The sound processing unit 24 of the sound processing device 16 of the present embodiment processes each of the plurality of pieces of sound data (sound signals) so as to be heard by the sense of hearing so as to be separately recognized when being mixed.

FIG. 2 shows the configuration example of the sound processing unit 24. The sound processing unit 24 includes a preprocessing unit 40, a frequency band division filter 42, a time division filter 44, a modulation filter 46, a processing filter 48, and a localization setting filter 50. All such filters are not indispensable in the present disclosure and at least one kind of the filters may be used. A plurality of filters may be used according to the properties of the filters.

The preprocessing unit 40 may be a general automatic gain controller or the like and controls gain such that the volumes of the plurality of sound signals received from the reproduction device 14 approximately become uniform.

The frequency band division filter 42 allocates a block obtained by dividing the audible band for each sound signal and extracts a frequency component belonging to the block allocated to each sound signal. For example, the frequency band division filter 42 may extract the frequency component by configuring a band pass filter (not shown) provided in every block with respect to each channel of the sound signal. A division pattern for deciding the manner of dividing the block or an allocation pattern for deciding the manner of allocating the block to the sound signal may be changed by enabling the control unit 20 to control each band pass filter or the like so as to set the frequency band or to set the valid band pass filter.

The time division filter 44 performs a time division method of the sound signal and time-modulates the amplitude of each sound signal by changing the phase in a period of several tens of milliseconds to several hundreds of milliseconds. The time division filter 44 is realized by, for example, controlling the gain controller on a time axis.
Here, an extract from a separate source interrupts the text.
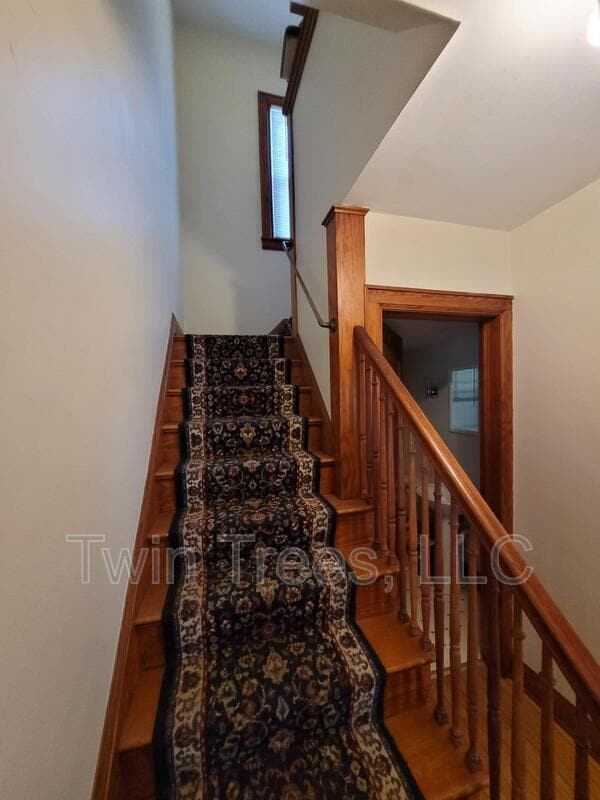 Building Photo - 5949 Gospel St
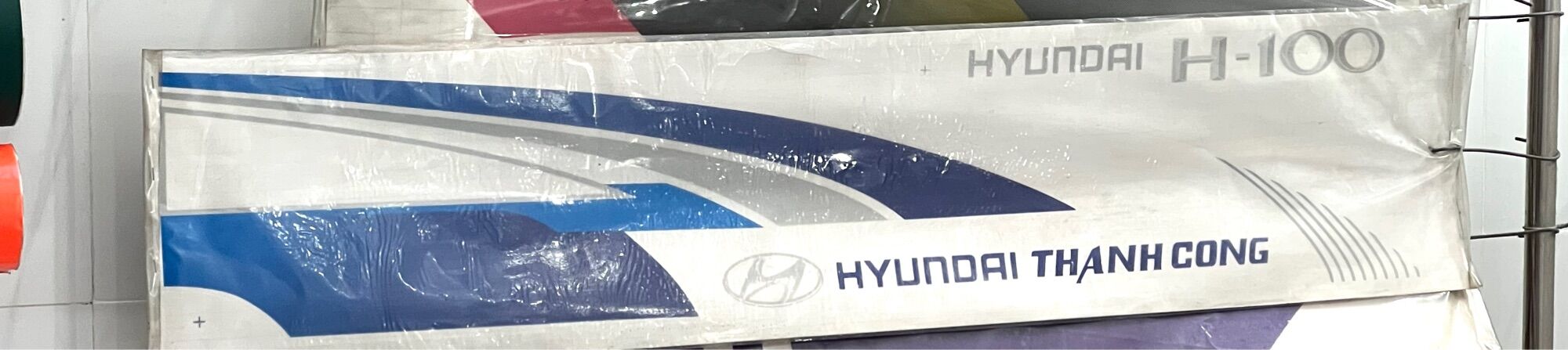 Tem dán xe tải hyundai thành công h100 1t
The modulation filter 46 performs a method of periodically providing a specific change to the sound signal and is realized by, for example, controlling the gain controller, an equalizer, an audio filter, or the like on a time axis.

The processing filter 48 performs a method of normally performing a special effect (hereinafter, referred to as a processing treatment) with respect to the sound signal and is realized by an effector or the like.

The localization setting filter 50 performs a method for changing localization as the position of a virtual sound source and is realized by a three-dimensional localization process or the like of a panpot, a virtual surround or the like.

In the present embodiment, as described above, the plurality of mixed sound signals is heard by the sense of hearing so as to be separately recognized by the user. According to the sound separation process, it is possible to separate and distinguish the plurality of pieces of music data (parts) which is simultaneously output according to the separation listening method, by changing the parameter of each filter provided to the sound processing unit 24. The change pattern of the provided parameter is stored in the storage unit 22 in advance. In addition, such a change pattern may be an internal parameter or a plurality of tables in the sound processing unit 24 in order to perform an optimal process.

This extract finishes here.